In the preparation of ${\text{KMn}}{{\text{O}}_{\text{4}}}$, pyrolusite (${\text{Mn}}{{\text{O}}_{\text{2}}}$ ) is first converted to potassium manganate (${{\text{K}}_2}{\text{Mn}}{{\text{O}}_{\text{4}}}$). In this conversion, the oxidation state of manganese changes from
A.$ + 1{\text{ to + 3}}$
B.$ + 2{\text{ to + 4}}$
C.$ + 3{\text{ to + 5}}$
D.$ + 4{\text{ to + 6}}$

Answer 1

Hint:On oxidation, the oxidation number is found to be increased. On reduction, the oxidation number is reduced. Potassium permanganate is prepared from pyrolusite ore.
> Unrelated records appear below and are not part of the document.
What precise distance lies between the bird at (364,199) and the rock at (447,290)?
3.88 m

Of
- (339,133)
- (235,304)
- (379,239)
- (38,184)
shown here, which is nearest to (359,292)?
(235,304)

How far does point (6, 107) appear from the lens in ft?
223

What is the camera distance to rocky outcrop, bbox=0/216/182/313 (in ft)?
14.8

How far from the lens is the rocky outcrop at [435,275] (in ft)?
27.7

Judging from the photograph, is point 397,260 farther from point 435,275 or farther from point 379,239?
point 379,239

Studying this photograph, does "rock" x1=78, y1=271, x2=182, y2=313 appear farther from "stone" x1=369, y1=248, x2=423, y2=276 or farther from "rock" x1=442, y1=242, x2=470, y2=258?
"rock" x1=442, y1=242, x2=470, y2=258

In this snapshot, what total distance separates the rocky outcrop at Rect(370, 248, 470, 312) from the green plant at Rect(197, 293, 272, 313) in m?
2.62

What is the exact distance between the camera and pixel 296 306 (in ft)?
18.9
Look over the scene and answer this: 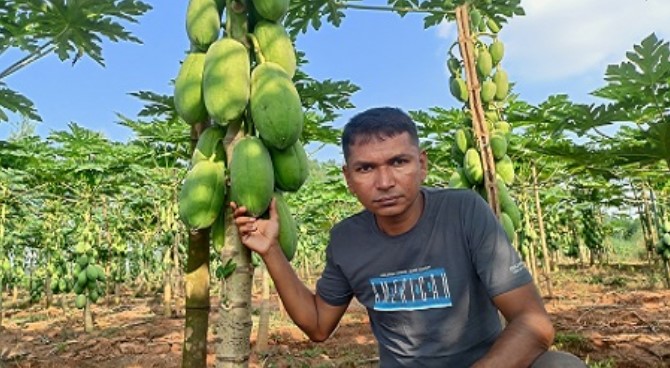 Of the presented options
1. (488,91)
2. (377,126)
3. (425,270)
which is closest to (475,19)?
(488,91)

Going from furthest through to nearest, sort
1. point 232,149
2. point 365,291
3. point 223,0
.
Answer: point 365,291
point 223,0
point 232,149

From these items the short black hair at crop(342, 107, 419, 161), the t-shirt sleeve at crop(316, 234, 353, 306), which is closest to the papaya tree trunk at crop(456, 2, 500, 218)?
the t-shirt sleeve at crop(316, 234, 353, 306)

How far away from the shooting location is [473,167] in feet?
10.6

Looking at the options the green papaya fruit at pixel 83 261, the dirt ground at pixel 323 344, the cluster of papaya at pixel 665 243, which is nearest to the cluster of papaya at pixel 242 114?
the dirt ground at pixel 323 344

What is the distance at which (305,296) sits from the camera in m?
2.06

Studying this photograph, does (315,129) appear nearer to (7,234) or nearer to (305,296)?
(305,296)

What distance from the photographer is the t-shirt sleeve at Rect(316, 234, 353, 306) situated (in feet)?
6.98

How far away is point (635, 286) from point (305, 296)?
15.7m

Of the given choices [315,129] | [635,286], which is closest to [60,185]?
[315,129]

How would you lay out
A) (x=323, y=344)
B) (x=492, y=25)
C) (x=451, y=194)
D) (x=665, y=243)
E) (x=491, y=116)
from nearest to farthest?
(x=451, y=194) < (x=491, y=116) < (x=492, y=25) < (x=323, y=344) < (x=665, y=243)

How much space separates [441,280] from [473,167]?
150 cm

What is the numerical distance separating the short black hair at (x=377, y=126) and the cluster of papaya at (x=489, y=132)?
4.81ft

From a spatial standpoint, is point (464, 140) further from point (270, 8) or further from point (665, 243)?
point (665, 243)

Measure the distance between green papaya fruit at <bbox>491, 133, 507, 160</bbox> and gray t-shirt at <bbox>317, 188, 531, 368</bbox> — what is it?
157 cm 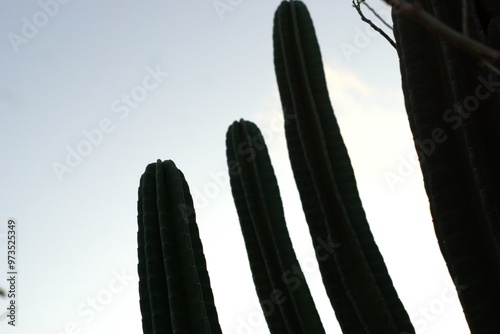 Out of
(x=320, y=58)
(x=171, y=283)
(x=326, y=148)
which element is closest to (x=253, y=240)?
(x=171, y=283)

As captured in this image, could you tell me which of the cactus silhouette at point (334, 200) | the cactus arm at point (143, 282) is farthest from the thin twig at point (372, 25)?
the cactus arm at point (143, 282)

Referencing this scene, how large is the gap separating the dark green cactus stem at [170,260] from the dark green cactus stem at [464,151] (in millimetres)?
1981

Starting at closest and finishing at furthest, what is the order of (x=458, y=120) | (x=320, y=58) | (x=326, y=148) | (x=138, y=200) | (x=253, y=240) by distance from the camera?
(x=458, y=120), (x=326, y=148), (x=320, y=58), (x=253, y=240), (x=138, y=200)

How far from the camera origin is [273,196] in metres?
4.70

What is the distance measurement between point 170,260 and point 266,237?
739 millimetres

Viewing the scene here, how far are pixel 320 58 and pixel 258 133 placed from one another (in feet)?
2.93

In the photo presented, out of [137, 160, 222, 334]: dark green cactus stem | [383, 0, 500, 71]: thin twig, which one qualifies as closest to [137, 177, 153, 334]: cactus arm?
[137, 160, 222, 334]: dark green cactus stem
We know that pyrolusite can be converted to potassium permanganate by oxidizing it.
Complete step by step answer:
We know that the starting material is pyrolusite ore. The crushed pyrolusite ore is taken and is fused with alkali metal hydroxide like KOH in the presence of air to give potassium permanganate (${{\text{K}}_2}{\text{Mn}}{{\text{O}}_{\text{4}}}$).
First, pyrolusite ore is converted to potassium permanganate
${\text{2Mn}}{{\text{O}}_{\text{2}}}{\text{ + 4KOH + }}{{\text{O}}_{\text{2}}} \to {\text{2}}{{\text{K}}_{\text{2}}}{\text{Mn}}{{\text{O}}_{\text{4}}}{\text{ + 2}}{{\text{H}}_{\text{2}}}{\text{O}}$
The color of potassium permanganate is dark green.
The pyrolusite can also be treated with an oxidizing agent like ${\text{KN}}{{\text{O}}_{\text{3}}}$ to give potassium permanganate.
Now let us find out the change in oxidation number of manganese in this primary reaction.
In ${\text{Mn}}{{\text{O}}_{\text{2}}}$, the oxidation number on manganese is $x - 2(2) = 0$, x is the oxidation number of Mn. The oxidation number of Oxygen atoms is -2. There is no charge on ${\text{Mn}}{{\text{O}}_{\text{2}}}$. Therefore, $x = 4$
In ${{\text{K}}_2}{\text{Mn}}{{\text{O}}_{\text{4}}}$, the oxidation number of K is 1. The oxidation number of oxygen is $ - 2$. Here, ${\text{2(1) + x + 4( - 2) = 0}}$, since the overall charge is 0.
${\text{ - 6 + x = 0}}$, ${\text{x = + 6}}$
Here, we could see that the oxidation number is changing from $x = 4$ in ${\text{Mn}}{{\text{O}}_{\text{2}}}$to x=+6 in ${{\text{K}}_2}{\text{Mn}}{{\text{O}}_{\text{4}}}$.
Since there was an increase in the oxidation number, we could confirm the reaction as oxidation.
Therefore, the correct answer is $ + 4{\text{ to + 6}}$

Thus, the correct option is D.

Note: After the pyrolusite is converted to potassium permanganate by oxidation, it is then converted to potassium manganate. On electrolytic oxidation of the permanganate ion formed, we get manganate ion. Now, let us look at the change in the oxidation number of Mn in ${\text{Mn}}{{\text{O}}_{\text{2}}}$ to ${\text{KMn}}{{\text{O}}_{\text{4}}}$ . We know the oxidation number of Mn in ${\text{Mn}}{{\text{O}}_{\text{2}}}$is $ + 4$. $1 + x + 4( - 2) = 0$, ${\text{x = + 7}}$